January’s microadventure: done!

IT’S January, it’s cold, the nights are long and they’re very dark; so why would anyone choose to spend the evening sleeping in a tent in their back garden?

Well, thanks in part to encouragement (or was it an order?) from adventurer Alastair Humphreys and my own bravery/stupidity that’s exactly what I did last Saturday.

It all started five days earlier with Alastair’s first bit of email marketing for 2015 which stated: “The big blog project for the year is Your Year of Microadventure – are you up for trying just one night out in the wild each month?”

January was sold to me as “start small”: It’s cold and dark; it would be easy to not even bother to begin. Sleep outdoors just one night, even in the garden. A snowy night is perfect for this.

I tweeted the image from the email link while casually mentioning that I was running out of time for January’s microadventure, and that my garden was on a slope (and if there’s one thing that I’m not keen on when spending a night under canvas it’s not being flat!).

An hour later Alastair responded to my tweet stating very simply: “Do it!” Not what I really wanted to hear but I had nothing planned for Saturday, the weather was looking decent (cold and not much wind) although I knew there’d be some snow left on the ground from that day’s fall.

So why not do it, after all I’d camped in much colder weather? I also realised that part of my lawn was actually flat so I didn’t really have much of an excuse, and it would also be a good opportunity to test a few bits of equipment that I rarely used in very cold conditions.

At 9pm that evening I left the warmth of the house and put up my Terra Nova Laser Competition 1 tent, which I’d bought early last year and had only used in temperatures of double figures.

What I had found when I’d used the tent was that my Therm-a-Rest mattress moved rather too easily on the groundsheet which is made of a nylon coated silicon, and it didn’t take much for the mat to move from beneath me or down the tent; so underneath it went which, I guessed, would also help extend the life of the groundsheet.

In the tent went my Mountain Equipment Starlight 1 sleeping bag; again, something I’d not used in cold weather, and my battered old travel pillow.

And then it was back into the house for a couple of hours and a measure or two of a 10-year-old Aberlour whisky.

Two hours later it was time for bed; so kitted out in thermals (Terramar top and Trek Mates long johns), a Berghaus fleece top and Mountain Equipment fleece trousers (which don’t seem to be made any more, a big shame) I made the short walk across the garden and crawled inside my tent and into my sleeping bag.

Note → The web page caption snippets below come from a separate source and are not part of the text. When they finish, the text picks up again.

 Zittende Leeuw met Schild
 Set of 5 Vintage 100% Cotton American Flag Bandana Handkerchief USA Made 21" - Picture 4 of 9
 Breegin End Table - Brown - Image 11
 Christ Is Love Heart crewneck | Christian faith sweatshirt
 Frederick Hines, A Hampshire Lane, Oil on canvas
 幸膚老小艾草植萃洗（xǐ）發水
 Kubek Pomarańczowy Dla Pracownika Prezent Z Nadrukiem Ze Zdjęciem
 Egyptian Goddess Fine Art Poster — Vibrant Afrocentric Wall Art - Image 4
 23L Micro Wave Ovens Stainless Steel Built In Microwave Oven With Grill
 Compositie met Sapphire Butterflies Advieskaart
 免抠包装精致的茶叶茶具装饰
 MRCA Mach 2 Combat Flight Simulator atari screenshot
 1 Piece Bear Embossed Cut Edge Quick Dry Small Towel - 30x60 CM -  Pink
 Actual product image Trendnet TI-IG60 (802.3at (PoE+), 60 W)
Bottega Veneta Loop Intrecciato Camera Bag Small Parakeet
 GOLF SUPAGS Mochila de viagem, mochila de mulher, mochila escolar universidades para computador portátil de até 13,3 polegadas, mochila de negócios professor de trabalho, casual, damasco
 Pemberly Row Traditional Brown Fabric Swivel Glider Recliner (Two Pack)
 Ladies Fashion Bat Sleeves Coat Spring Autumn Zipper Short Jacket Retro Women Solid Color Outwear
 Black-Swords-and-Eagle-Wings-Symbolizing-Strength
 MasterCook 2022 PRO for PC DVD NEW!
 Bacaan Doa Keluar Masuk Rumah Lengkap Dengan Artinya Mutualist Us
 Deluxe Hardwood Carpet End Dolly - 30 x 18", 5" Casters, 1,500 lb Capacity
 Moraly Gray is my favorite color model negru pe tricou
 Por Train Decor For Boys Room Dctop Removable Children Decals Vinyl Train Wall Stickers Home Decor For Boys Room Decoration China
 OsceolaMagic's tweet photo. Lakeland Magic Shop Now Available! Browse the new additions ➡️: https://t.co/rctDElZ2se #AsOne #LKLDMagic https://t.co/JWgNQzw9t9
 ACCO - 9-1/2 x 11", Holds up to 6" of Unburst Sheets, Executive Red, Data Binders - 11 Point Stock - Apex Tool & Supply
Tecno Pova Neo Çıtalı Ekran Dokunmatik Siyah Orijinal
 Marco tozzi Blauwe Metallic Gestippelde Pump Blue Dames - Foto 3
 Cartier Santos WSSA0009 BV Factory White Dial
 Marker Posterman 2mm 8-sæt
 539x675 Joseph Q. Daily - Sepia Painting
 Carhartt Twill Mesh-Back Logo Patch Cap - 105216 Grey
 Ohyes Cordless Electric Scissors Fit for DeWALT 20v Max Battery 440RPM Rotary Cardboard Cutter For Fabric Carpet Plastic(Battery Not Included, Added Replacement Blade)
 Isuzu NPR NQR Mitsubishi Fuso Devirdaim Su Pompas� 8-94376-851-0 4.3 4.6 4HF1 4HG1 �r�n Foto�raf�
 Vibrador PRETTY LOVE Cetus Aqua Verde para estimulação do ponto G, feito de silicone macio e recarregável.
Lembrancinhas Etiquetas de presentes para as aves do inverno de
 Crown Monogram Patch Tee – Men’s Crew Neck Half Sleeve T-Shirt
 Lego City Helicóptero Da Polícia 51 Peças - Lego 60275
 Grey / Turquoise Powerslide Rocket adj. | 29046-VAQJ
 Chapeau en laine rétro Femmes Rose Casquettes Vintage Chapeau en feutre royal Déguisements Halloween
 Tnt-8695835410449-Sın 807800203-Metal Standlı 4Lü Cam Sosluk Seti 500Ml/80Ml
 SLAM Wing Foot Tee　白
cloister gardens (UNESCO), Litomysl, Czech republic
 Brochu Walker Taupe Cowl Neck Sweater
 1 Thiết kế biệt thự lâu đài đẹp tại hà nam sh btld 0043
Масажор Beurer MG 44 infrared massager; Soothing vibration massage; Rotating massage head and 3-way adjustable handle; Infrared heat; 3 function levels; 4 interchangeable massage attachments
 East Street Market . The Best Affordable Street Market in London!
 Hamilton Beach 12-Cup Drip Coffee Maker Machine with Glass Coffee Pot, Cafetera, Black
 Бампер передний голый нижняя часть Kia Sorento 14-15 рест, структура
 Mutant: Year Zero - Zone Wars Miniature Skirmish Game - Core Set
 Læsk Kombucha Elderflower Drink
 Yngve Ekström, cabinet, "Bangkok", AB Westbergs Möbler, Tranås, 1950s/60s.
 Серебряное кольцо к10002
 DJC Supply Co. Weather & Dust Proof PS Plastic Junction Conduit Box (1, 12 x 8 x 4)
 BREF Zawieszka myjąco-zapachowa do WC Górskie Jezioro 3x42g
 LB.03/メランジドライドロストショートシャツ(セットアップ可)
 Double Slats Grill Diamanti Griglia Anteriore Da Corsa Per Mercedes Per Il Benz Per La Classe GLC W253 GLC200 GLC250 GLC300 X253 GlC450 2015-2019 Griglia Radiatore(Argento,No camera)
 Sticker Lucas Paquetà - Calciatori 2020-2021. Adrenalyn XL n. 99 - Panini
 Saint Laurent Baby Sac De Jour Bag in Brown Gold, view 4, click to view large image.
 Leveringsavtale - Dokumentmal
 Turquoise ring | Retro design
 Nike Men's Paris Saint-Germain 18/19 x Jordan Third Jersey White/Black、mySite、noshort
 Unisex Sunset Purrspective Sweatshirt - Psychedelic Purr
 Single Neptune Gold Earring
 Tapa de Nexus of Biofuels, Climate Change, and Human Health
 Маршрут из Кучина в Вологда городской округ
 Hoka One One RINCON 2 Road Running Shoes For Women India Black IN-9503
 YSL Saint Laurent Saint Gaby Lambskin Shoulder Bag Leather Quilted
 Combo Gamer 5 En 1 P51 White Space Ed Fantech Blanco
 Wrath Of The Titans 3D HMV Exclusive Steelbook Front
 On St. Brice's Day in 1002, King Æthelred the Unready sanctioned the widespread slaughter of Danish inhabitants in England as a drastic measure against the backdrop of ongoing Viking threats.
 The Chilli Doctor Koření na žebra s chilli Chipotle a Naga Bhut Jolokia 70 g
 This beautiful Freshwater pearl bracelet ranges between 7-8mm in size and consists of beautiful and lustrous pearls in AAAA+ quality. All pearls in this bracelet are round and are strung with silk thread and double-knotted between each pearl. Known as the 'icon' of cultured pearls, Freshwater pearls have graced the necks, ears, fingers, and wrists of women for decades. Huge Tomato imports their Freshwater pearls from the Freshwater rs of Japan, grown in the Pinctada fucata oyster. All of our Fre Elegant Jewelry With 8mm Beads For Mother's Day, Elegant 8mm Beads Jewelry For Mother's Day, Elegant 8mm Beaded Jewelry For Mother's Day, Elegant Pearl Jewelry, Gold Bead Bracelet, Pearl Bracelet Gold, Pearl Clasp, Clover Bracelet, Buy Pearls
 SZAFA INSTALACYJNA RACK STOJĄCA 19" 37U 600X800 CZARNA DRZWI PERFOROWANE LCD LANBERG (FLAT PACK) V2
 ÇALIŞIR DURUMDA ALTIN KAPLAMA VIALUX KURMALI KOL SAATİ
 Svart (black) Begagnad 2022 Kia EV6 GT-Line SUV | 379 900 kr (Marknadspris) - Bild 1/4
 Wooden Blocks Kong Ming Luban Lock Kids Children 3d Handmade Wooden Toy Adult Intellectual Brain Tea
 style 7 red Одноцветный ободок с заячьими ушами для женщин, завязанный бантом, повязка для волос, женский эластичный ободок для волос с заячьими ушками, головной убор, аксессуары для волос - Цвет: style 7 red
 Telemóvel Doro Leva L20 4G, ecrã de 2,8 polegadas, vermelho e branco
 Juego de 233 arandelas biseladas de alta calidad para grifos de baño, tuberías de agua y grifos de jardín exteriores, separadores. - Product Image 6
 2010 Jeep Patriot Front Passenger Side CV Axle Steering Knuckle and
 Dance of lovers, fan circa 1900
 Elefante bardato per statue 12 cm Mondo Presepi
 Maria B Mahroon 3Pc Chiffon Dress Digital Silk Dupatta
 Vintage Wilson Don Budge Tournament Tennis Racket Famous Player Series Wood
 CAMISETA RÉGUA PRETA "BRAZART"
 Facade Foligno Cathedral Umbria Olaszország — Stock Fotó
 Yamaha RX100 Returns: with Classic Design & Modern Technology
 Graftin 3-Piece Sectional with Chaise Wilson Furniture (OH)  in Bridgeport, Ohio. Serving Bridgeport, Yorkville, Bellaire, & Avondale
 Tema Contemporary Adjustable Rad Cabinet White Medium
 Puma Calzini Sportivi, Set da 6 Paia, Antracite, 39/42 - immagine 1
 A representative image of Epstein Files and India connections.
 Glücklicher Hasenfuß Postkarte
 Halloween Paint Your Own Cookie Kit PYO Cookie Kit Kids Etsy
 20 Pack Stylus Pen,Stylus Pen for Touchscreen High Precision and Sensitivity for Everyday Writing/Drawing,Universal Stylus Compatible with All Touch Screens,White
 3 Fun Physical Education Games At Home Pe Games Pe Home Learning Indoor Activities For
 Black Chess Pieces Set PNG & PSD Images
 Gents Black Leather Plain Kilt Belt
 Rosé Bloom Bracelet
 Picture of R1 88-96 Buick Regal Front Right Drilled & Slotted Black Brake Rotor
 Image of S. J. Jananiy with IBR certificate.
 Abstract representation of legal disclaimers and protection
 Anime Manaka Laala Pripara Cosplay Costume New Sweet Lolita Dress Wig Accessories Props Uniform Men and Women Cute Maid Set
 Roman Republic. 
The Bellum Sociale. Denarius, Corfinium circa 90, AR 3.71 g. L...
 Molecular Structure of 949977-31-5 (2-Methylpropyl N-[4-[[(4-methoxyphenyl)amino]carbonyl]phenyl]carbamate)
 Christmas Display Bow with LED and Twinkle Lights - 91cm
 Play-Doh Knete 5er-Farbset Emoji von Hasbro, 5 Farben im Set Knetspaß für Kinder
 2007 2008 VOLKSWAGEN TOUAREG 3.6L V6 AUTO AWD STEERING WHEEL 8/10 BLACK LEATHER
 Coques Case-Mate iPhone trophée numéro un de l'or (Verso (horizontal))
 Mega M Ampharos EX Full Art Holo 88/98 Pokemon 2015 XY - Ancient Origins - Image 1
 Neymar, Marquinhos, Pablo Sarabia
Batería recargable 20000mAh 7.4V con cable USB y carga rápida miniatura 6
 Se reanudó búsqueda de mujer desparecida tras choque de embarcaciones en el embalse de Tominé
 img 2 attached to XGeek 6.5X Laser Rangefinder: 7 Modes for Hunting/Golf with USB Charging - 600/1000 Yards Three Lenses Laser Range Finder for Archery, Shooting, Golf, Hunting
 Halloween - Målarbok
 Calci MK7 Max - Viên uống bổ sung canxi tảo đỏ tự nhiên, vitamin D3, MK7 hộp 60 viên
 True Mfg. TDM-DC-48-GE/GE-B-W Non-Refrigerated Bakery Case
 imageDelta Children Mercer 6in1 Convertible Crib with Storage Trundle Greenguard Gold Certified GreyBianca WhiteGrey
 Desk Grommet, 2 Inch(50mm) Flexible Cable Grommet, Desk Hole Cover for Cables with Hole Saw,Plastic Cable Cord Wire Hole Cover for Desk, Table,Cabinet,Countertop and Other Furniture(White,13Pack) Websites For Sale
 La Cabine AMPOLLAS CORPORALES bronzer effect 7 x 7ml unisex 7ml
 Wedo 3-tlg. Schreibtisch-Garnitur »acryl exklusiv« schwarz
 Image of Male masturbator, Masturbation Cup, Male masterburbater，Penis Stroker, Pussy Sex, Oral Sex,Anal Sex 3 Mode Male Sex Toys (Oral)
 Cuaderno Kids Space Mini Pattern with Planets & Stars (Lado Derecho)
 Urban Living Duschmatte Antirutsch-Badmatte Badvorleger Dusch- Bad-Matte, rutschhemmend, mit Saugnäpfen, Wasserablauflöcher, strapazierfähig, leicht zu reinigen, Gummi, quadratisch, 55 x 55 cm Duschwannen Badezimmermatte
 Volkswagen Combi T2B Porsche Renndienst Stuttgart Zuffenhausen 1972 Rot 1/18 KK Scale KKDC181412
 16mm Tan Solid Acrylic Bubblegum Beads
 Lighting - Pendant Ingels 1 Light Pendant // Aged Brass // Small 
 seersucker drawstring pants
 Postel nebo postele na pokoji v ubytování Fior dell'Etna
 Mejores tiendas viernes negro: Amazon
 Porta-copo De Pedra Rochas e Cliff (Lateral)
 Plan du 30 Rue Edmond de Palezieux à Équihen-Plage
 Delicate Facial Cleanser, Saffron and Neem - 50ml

The plan was to sleep in just my thermals but with it being a one-man tent it seemed easier to just leave my clothes on on than struggle in the small space.

I also had a hat and a pair of gloves in case the temperature really dipped overnight, plus a digital thermometer so satisfy my curiosity as to how low the mercury would fall.

I was very snug and it was immediately obvious that the mattress under the groundsheet was a great idea.

I woke at 1am nice and warm, and drifted back to sleep until 4am when I awoke again but feeling a little bit cold in the middle of my back (I sleep face down).

If I hadn’t been in my back garden I’d have had a coat with me to put on for a bit of extra warmth, but I didn’t; and because I was planning on going running in later that morning I decided to go to my real bed to grab a few hours of quality sleep.

When I’m camping I rarely sleep solidly and I had spent most of the night outside so off I trotted to into the house.

What I learnt was that my ultralight tent is just as good in the cold as my Vaude Taurus 2, and that in future the mattress will go under the tent and that the pegs that came with the Terra Nova are pretty useless; I was warned when I bought it and I’ve lost a couple each time I’ve used it so from now on I’ll take my Vaude ones with me.

I also learnt that despite me being a bit chilly (it got down to one degrees), my Starlight 1 bag really is a great piece of kit.

Mission accomplished! Although I’m not certain I can manage this month’s microadventure: Climb a hill, watch shooting stars, see the sunrise blaze across the sky.

4 Comments
    • I’m planning something for before the end of Feb, but not camping. Probably Beamsley Beacon, near Bolton Abbey; I’ll just get up there and have a long sit down.
      Over to you Yorkshire weather!

  1. Great write up thank you, that just leaves me with a couple of questions… Were you wearing nice warm socks? They make a huge difference to overall warmth. Also, were you not a bit of a wimp out to sneak back to bed? Tut, tut… We expect greater resolve from our intrepid micro adventuress! Hope you find the inner resolve to attempt February’s challenge as it sounds fun (from my snug, warm house)!

    • I was wearing a pair of old Bridgedale something or other socks, which are now house socks.
      And I certainly didn’t wimp out, it was only my commitment to wanting to be fresh for my morning run that saw me leave the tent!
      And I might attempt a late evening walk for February, quite fancy Beamsley Beacon depending on the weather, of course.